Day 56

Time Series

4 Components that made up time series

1. Irregular fluctuations – Does not follow any available pattern and not predictable; normally short period. Eg. Rise in the steel due the strike in the factory.

2. Cyclical – Large sine wave cycle about 8-10 year. Exhibit 4 phases (Peak → Recession → Depression → Expansion) repeatedly. Eg. Economy crisis.

3. Recurring/Seasonal – exhibit regular pattern over a period (eg. 1 year) ps. also predictable. Eg. Sales of pullovers is relatively higher in winter than in summer.

4. Trend – Positive/Negative general trend summarized from all the data point/overtime. Eg. World population increases in the recent years.

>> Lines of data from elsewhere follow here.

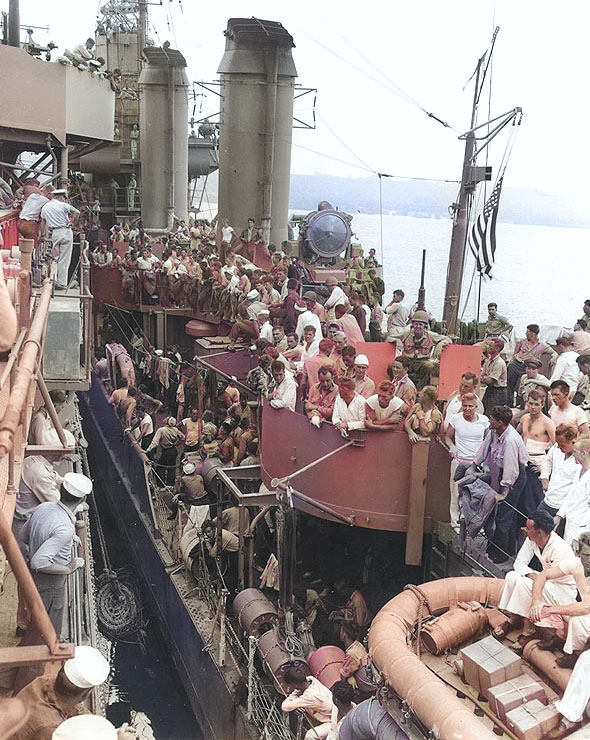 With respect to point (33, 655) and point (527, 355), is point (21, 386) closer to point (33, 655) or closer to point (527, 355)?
point (33, 655)

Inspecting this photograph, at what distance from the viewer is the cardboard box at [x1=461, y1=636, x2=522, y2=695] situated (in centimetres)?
602

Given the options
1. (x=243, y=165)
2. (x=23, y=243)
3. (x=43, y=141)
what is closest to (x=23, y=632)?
(x=23, y=243)

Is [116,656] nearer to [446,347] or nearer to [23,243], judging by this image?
[446,347]

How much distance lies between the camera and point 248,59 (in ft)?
87.6

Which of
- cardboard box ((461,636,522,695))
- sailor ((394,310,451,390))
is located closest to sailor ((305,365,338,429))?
sailor ((394,310,451,390))

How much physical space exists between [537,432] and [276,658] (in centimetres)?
407

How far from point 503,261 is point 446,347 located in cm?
13965

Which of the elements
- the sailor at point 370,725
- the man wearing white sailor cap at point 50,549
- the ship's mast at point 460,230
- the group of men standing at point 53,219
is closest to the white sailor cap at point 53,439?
the man wearing white sailor cap at point 50,549

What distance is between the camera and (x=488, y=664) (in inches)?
239

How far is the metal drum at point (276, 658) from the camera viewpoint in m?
9.30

An upwarding movement across the time horizon. Repeated patterns with a seasonal peak and seasonal trough in one year. Unpredictable movement in a short period.
Method to explain a time series.

Stationary Test

In order to process time series dataset effectively, it has to be stationary. E.g to have better model to forecast. Following criteria must be satisfy in order to classify as stationary

To show or illustrate data pattern is stationary, Correlogram (Autocorrelation Function [ACF] & [PACF]) is used.

R

Kindly note that “forecast” library installed.

In a previous class, “imported_earthquakes” had been visualized for time series plot. Using the same dataset, and the autocorrelation function (acf) was applied to assess stationarity.

acf(
    imported_earthquakes,
    ylim=c(-1,1),
    xlim=c(0,100)
)

ps. “acf” start from lag 0, “Acf” start from lag 1.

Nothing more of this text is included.